Good afternoon. Thanks for taking my questions. First, congrats to Kurt and Skip on the change in your roles. I look forward to continuing to have these conversations more so with you, Kurt, going forward. In terms of the activity during the fourth quarter, I was hoping we could just chat about the cadence a little bit. I think heading into the quarter, it definitely seemed to be the case that it might not be the seasonally busy quarters at the December quarter can be possibly because some companies are waiting until the new year to sort of pick up the pace of activity on deals and strategic acquisitions, et cetera. Assuming that was what we saw in the numbers in 4Q, just seeing down sequentially from the third quarter,
um do you think that there was any impact in terms of like timing of new investments or repayments during the quarter on nii yeah thanks um for the comments too melissa appreciate that the um no i mean look i think it was kind of flat versus the third quarter if i'm if i'm looking at the numbers um correctly things did i think shift a little bit you know obviously we have the election which may have delayed some some closings. But we're very happy with the Q4 activity levels. And as we mentioned in the prepared remarks, January was busy and it remains busy. So we're feeling good about deal flow and new transactions.

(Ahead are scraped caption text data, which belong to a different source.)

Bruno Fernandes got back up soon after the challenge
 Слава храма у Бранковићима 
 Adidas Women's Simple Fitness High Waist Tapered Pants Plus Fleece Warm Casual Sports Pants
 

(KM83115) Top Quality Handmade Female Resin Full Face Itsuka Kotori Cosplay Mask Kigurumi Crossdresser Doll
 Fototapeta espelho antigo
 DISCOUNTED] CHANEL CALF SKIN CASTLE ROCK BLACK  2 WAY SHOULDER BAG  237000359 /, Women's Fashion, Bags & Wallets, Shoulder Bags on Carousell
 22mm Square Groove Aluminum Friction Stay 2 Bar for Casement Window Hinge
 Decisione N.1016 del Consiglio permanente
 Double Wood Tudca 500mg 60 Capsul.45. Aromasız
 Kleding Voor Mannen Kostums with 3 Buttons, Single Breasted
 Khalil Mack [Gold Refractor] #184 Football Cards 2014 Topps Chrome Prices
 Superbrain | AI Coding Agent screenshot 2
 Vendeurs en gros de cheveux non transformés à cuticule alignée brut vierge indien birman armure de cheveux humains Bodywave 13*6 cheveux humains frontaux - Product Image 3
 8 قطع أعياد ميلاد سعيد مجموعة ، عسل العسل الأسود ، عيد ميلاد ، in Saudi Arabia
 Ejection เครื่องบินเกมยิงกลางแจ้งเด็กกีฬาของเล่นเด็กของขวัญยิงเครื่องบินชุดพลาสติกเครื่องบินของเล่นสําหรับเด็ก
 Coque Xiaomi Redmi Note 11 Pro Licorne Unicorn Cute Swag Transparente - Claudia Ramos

Okay. And definitely noted the quarter to date details. Appreciate those details that you provide us as always. When we think about sort of the evolution of the portfolio, it's definitely seemed to be the case that there has been a skew, new investments have skewed sort of up the capital structure. So a lot of focus on first lane, not entirely, but definitely skewed that way. When we look at the mix of repayments, We've seen some more junior capital be a larger piece of the repayment activity. I'm just wondering how you guys are thinking about the asset allocation within the portfolio. Do you think of a sort of target level of first lien activity, or is that really going to vary with the opportunity set going forward? And is there any change given the new roles? Thank you so much.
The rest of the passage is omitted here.